Published in the San Diego Union-Tribune, May 7, 2018
The Bonus.
This concept seems ubiquitous and an accepted and logical way to motivate an employee, to spur improved performance, to provide the carrot for the rabbit to chase. In other words, if you rock your project, the company will reward you.
Two weeks ago, I take one of my clients to lunch and the subject is exactly this. He wants to give bonuses, he wants to share the wealth, the company is hitting on all six cylinders (I know a Ferrari has 12, but let’s stay on this earth), and his puzzle is a simple one — how to allocate the wealth.
My pal has 11 employees, and he has a system that has worked up until now. Each year, he gives a percentage of the company’s profit to each employee, equally, because it is a team effort; they are a team, and he wants them to think like a team. Usually every member of the winning team (World Series, Super Bowl) gets an equal share — but Tom Brady gets a higher salary for unique individual performance. My pal has created an additional bonus pool that is to be allocated based on individual effort at the CEO’s sole discretion. My man is willing to (potentially) make less money personally so that his team can have greater financial reward. But the truth of course is that if the pie gets bigger — well, you know that game.

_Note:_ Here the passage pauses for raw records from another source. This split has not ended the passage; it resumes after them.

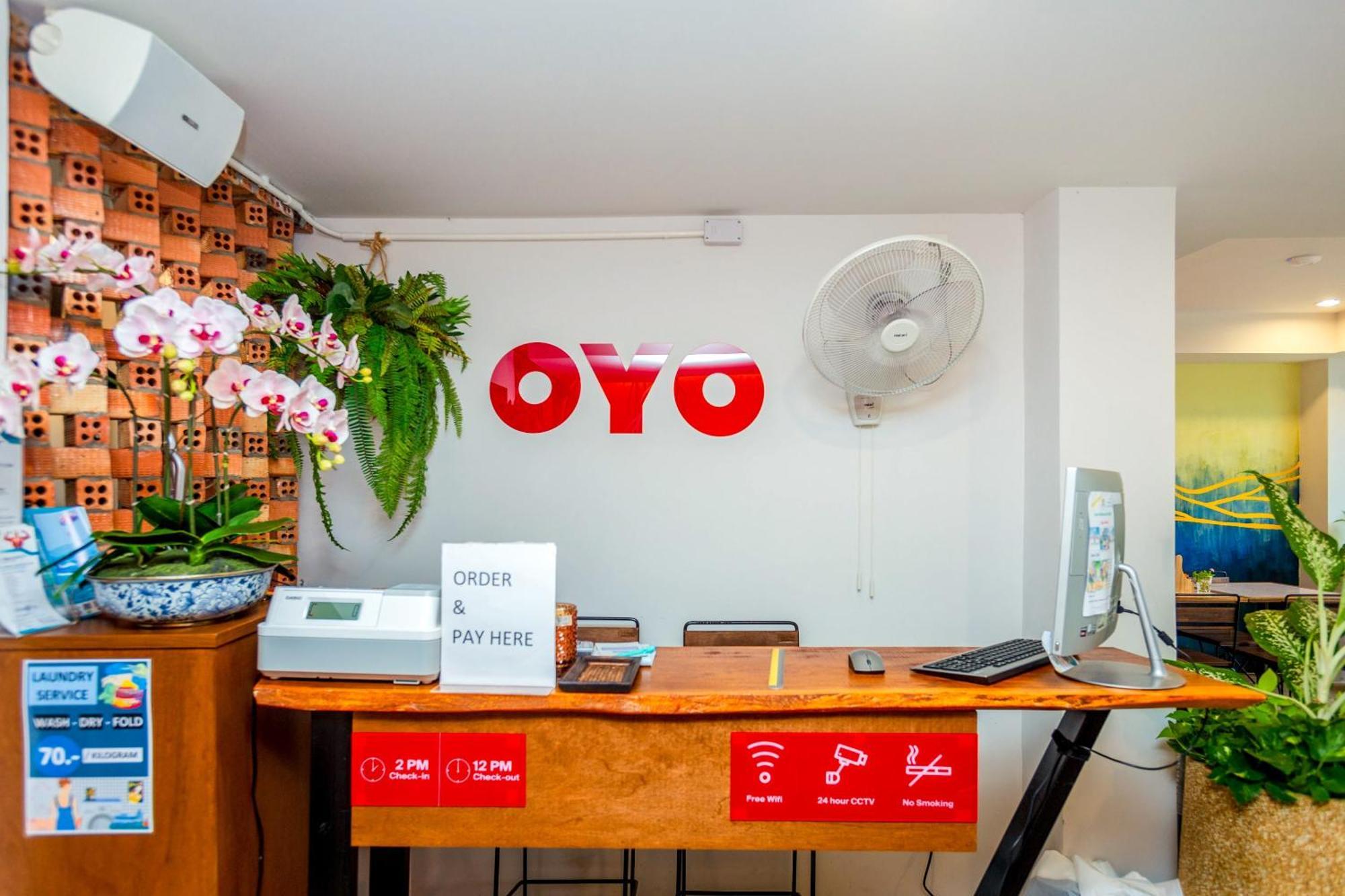 Oyo 422 Jane​ Homestay​ And​ Resort​ Rawai Esterno foto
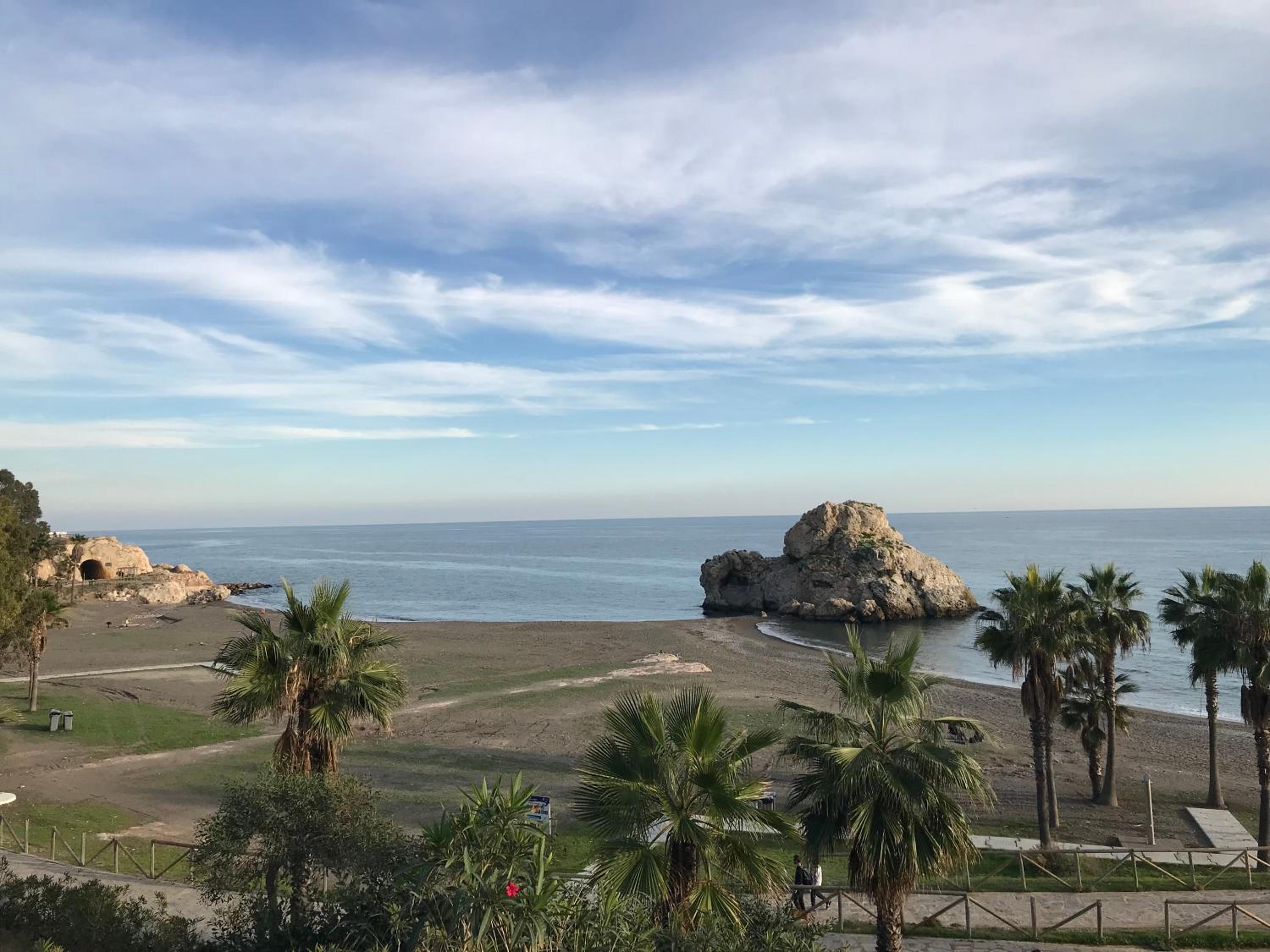 Malaga Beach House, 2 city bikes, 2 children's bikes, WiFi, BIG terrace, BBQ, Family, Childfriendly
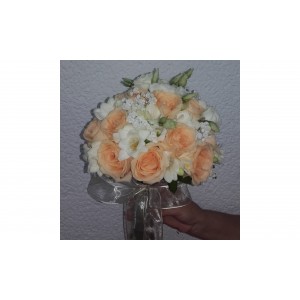 Buchet cu trandafir, frazie,gypsophila si eustoma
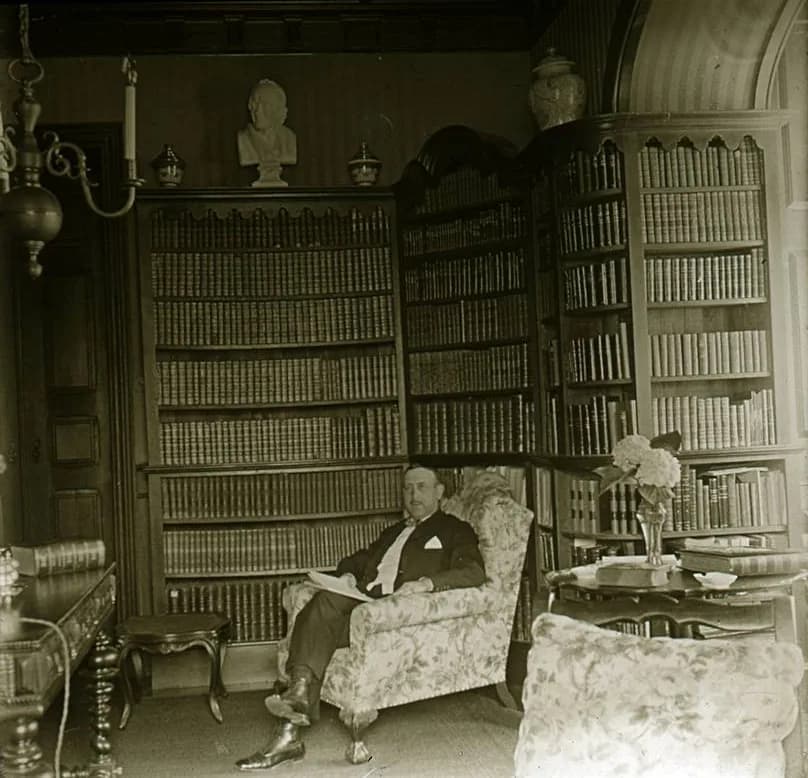 António Egas Moniz - António Egas Moniz in his study, 1918.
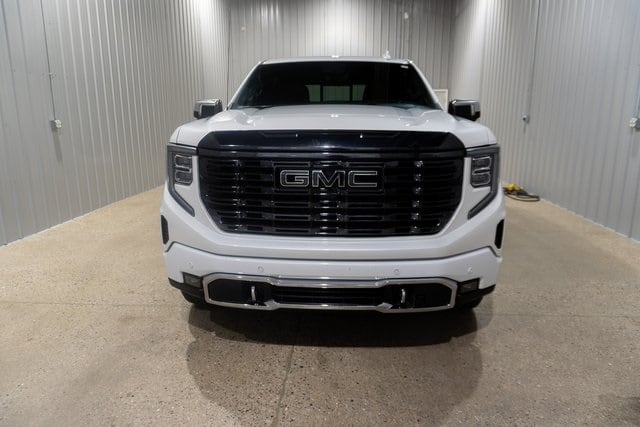 Used 2022 GMC Sierra 1500 Denali Denali Ultimate with VIN 1GTUUHET9NZ629315 for sale in Middlebury, IN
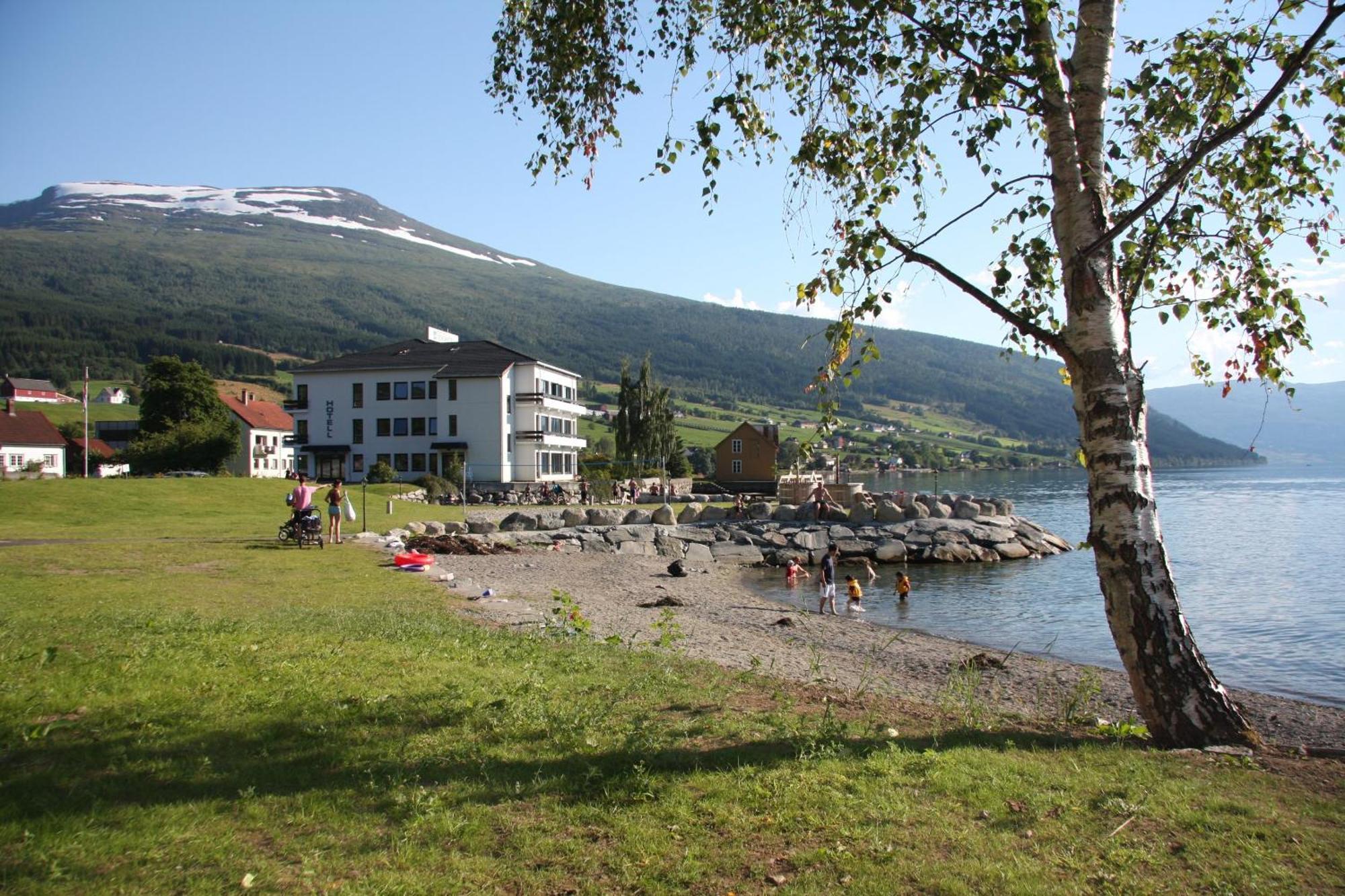 Innvik Fjordhotell Ngoại thất bức ảnh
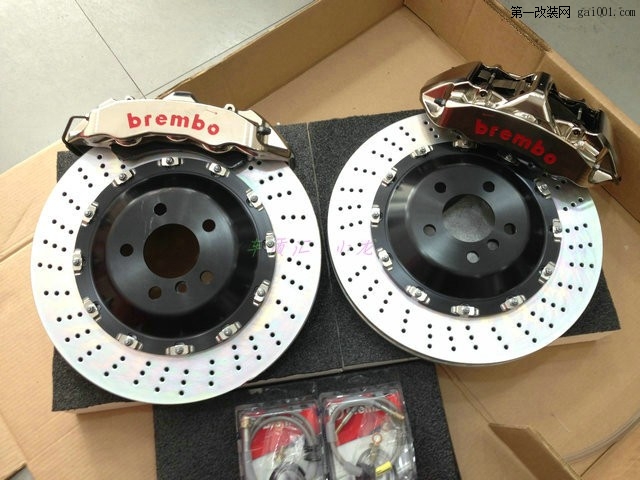 宝马M6改装BREMBO-GT-R竞技六活塞刹车套件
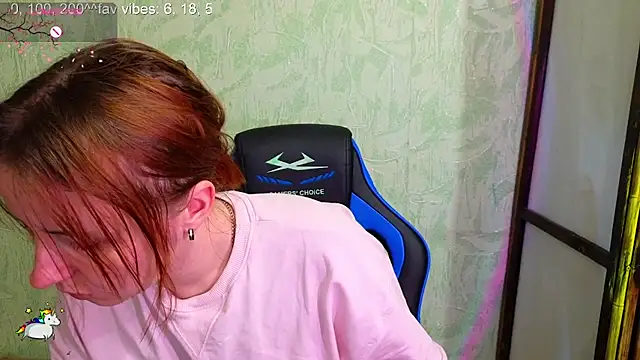 Snapshot of DanaMartina chatting on December 2, 5:30 pm DanaMartina online show from December 2, 5:30 pm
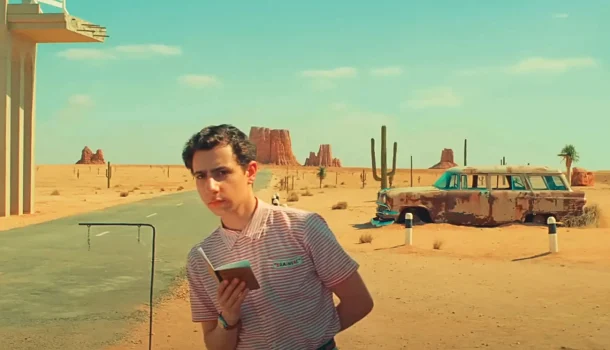Wes Anderson desenha a tristeza como quem monta um diorama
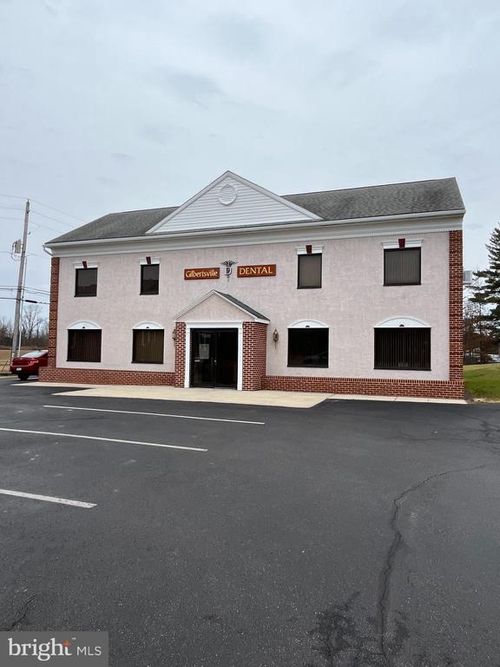 3193 N Charlotte St, GILBERTSVILLE, PA, 19525-9340 | Card Image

So let’s explore employee incentives and awards, most of which come with some modest financial consideration. And so we turn to a Harvard Business School research paper titled “The Dirty Laundry of Employee Award Programs.” You guessed it — it turns out that time sheets and clean sheets do not mix.
The study was done in five industrial laundries. What they found in the laundry that had the incentive program was that the “attendance statistics improved and the average level of tardiness decreased — but the amount of productivity also decreased, particularly among the very best employees who already had high attendance.” So, please explain.
First, it turns out that the laundry workers figured out how to game the system so they would appear to have excellent attendance — but only when the bonus round was in effect. Afterward, they went back to their normal routine. This tells us something about incentives. Once started, how long do you have to keep them?
If an employee was disqualified early — meaning there was no way he could win — then they gave up and went back to being tardy as before. Remember that if certain people are not there all the time, the laundry as a whole does not do well. That explains the decrease in productivity. The fantasy is that the bonus round will change long-term behavior, but it doesn’t. The behavior only changed when the award was within grasp. After that, sayonara.
Further, the stellar employees suffered in both productivity and attitude because they felt, “hey, I have been showing up on time for years, what’s with this new bonus round trying to reward employees with previous lousy attendance?” It actually de-motivated the best employees.
The study does cop a plea at the end arguing that some award/incentive programs do work well. In the laundry case, they were rewarding bad behavior that might improve, whereas the more rational approach is to reward the already stellar employees. It also suggests that public recognition on a wall in the dining area or in the newsletter is the most effective. “When employees bask in the glow of corporate praise, they will work even harder.”
Venture capitalists often spend a majority of their time focused on the companies in their portfolio that are not doing well, instead of the correct approach, which is to do the exact opposite — focus on the very best ones and make them even better. The rational man rule says sell your losers and let your winners run. But as you well know, most of us do the exact opposite because we “hope” the losers will come back.
Finally, when the primary motivation is the money involved in the reward, you can bet the best minds will figure out a way to beat the system. For further study, please refer to all compensation packages from the large brokerages, banks and investment banks from 1929 through yesterday.